Smurfit’s snubbed US suitor may have to bid €11bn to succeed
Shares in Irish packaging company set to rise again as International Paper reveals details of initial approach
Smurfit Kappa Group, led by Tony Smurfit, grandson of its founder, pledged to proceed with its own plan, outlined last month, to invest €1.6bn over the next four years in expanding its business and buying smaller rivals. File photograph: Brenda Fitzsimons
Shares in paper packaging giant Smurfit Kappa are set to rise again on Wednesday after it emerged that US rival International Paper’s rejected bid for the group was valued at €8.6 billion.
The value of the Irish company soared 18.3 per cent on Tuesday to €8.02 billion after it revealed that it had received and rebuffed and unsolicited and “highly opportunistic” approach from Memphis-based International Paper. Financial details of the bid were only disclosed by the US company after European markets closed.
Still, analysts estimate that International Paper – or any other party that may emerge – will have to come up with an offer of up to €11 billion to win the hand of Europe’s largest paper packaging group.
Smurfit Kappa, which traces its roots back to 1934 and recorded €8.5 billion of sales last year, has dismissed International Paper’s offer, saying it “significantly undervalues the group’s asset, franchise and replacement value”.
The company, led by Tony Smurfit, grandson of its founder, pledged to proceed with its own plan, outlined last month, to invest €1.6 billion over the next four years in expanding its business and buying smaller rivals.
International Paper said that it made its initial approach on February 14th and delivered its cash and stock proposal on February 23rd. Deutsche Bank is understood to be advising the US company, while Citigroup and Davy are working with Smurfit Kappa. The indicative bid comprises €22 in cash and 0.3 new International Paper stock for each Smurfit Kappa ordinary share – valued, as of Monday, at €36.46 per unit of the Irish company.
“International Paper remains ready to engage with Smurfit Kappa’s board and shareholders to discuss the merits of its proposal,” it said on Tuesday night.
David Holohan, chief investment officer at Merrion Capital, said that it is likely International Paper will ultimately improve its offer to secure the FTSE 100-listed company.
“Given Smurfit Kappa’s significant market leadership positions across Europe and International Paper’s more limited exposure, a combination would be a great strategic fit,” Mr Holohan said. “The paper and packaging sector has undergone significant consolidation over the last decade, particularly in the US, so it is natural for the focus to now move towards Europe.”
Bank of America Merrill Lynch analyst Alexander Berglund indicated that a successful bid may have to be as high as €44.80 per share.
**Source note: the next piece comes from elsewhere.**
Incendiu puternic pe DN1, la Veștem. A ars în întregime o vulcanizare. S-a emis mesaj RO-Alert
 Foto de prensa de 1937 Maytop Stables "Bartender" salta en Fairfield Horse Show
That equates to a market value of €10.6 billion - almost 57 per cent above where Smurfit Kappa closed on Monday evening, before news of the approach was revealed.
UBS analyst Mark Field put an equity value of between €9 billion and €11 billion on the Dublin-based company, depending on the cost savings that International Paper can calculate from combining both groups.
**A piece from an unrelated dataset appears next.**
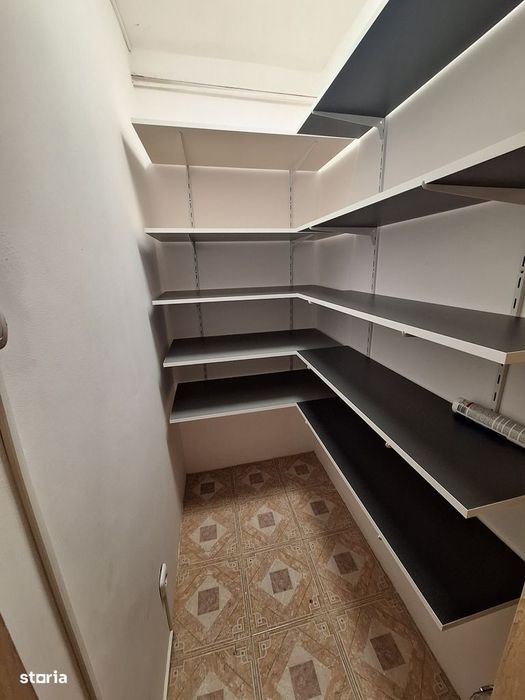 350 euro!!!Ap.cu 3 camere cu centrala proprie Zona Sagului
Smurfit Kappa was subject to unfounded market speculation almost three years ago that International Paper was planning a bid for the Irish company at the time.
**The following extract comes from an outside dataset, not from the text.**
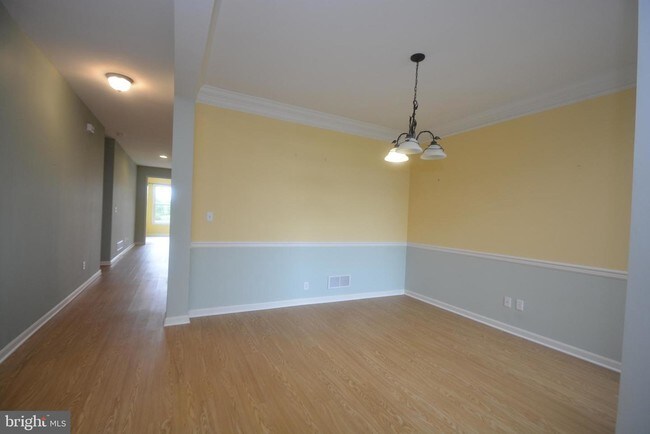 Building Photo - 215 Spring Meadow Dr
The recent approach comes amid a surge in dealmaking in the industry on the back of robust global economic growth and the rise of internet shopping. US group WestRock, South Africa’s Mondi and the UK’s DS Smith are among industry players to unveil purchases in the past nine months.
However, Smurfit Kappa chairman Liam O’Mahony said on Tuesday that his board’s unanimous decision to reject the International Paper bid was down to it not reflecting the “the group’s true intrinsic business worth or its prospects”.
Smurfit Kappa recently announced record earnings before interest, tax, depreciation and amortisation for 2017 of €1.2 billion. It said the underlying positive trading conditions have continued into 2018.
“The proposal fails entirely to reflect the group’s strong growth prospects and attractive industry outlook,” the company said.